Both bills contain a virtually identical set of additional revisions to eliminate other references to the offset. For example, both would strike subsection 1450(e), which provides full or partial refunds of SBP premiums to surviving spouses whose SBP payment is reduced or eliminated by the offset, and subsection 1450(k), which covers circumstances in which a surviving spouse subject to the offset subsequently loses DIC eligibility due to remarriage after the age of 55.

Both versions of the bill also specify that these changes would not entitle survivors to retroactive benefits; in other words, surviving spouses would not receive any compensation for the time during which the offset was applied. However, surviving spouses who previously received refunds of SBP premiums under subsection 1450(e) would not be required to return those refunds. Put differently, those surviving spouses who previously received full or partial refunds for the SBP premiums paid by deceased servicemembers could retain those refunds while also receiving future SBP payments, provided that they remain otherwise eligible for SBP--though the amount of refunded premiums may be smaller than the amount of SBP benefits that were not paid due to application of the offset.

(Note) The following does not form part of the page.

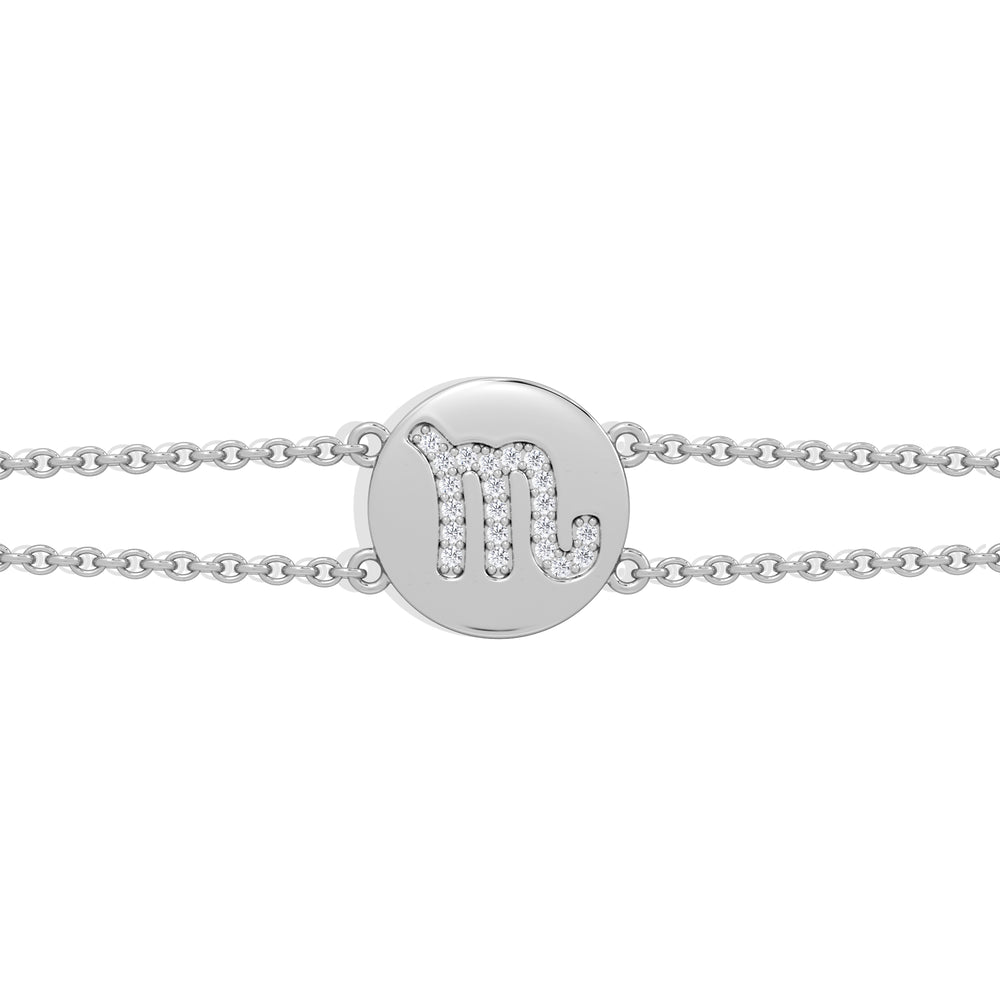Astrology Scorpio 0.07ct Lab Grown Diamond Adjustable Medallion Bracelet Sterling Silver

Finally, both H.R. 553 and S. 622 would eliminate the option in section 1448(d)(2)(B) for an otherwiseeligible surviving spouse to designate a child beneficiary for SBP payments. The bills would then restore SBP eligibility to surviving spouses who previously designated child beneficiaries--even if the child's entitlement has expired--as long as the surviving spouses continue to meet remaining eligibility requirements. For survivors who would have received full SBP payments but for the offset, this would ameliorate the "kiddie tax" issue going forward, because those benefits would now be paid to the parent and taxed at the parent's rate. However, surviving spouses who were ineligible for SBP for other reasons (such as remarriage) would still face the increased tax burden on any SBP payments to their children. In other words, eliminating the offset would also eliminate the financial burden of the kiddie tax changes for surviving spouses who would begin receiving SBP instead of their children, but the burden would remain intact for children who continue to receive SBP.

Congress has also considered passing bills that address the "kiddie tax" issue separately and directly. For example, the Senate last month passed the Gold Star Family Tax Relief Act, S. 1370, which defines SBP payments to a child as "earned income" for that child (to be taxed at the same rate as, for example, any wages the child earned), instead of as "unearned income" that is subject to the "kiddie tax." If enacted, the bill would apply retroactively to taxable years beginning after December 31, 2017, meaning families who owed increased taxes due to SBP benefits received in 2018 could file amended returns to take advantage of lower tax rates. Taking a slightly different tack, the House passed the Setting Every Community Up For Retirement Enhancement (SECURE) Act of 2019, H.R. 1994, which would simply repeal the 2017 tax revision's changes to the kiddie tax.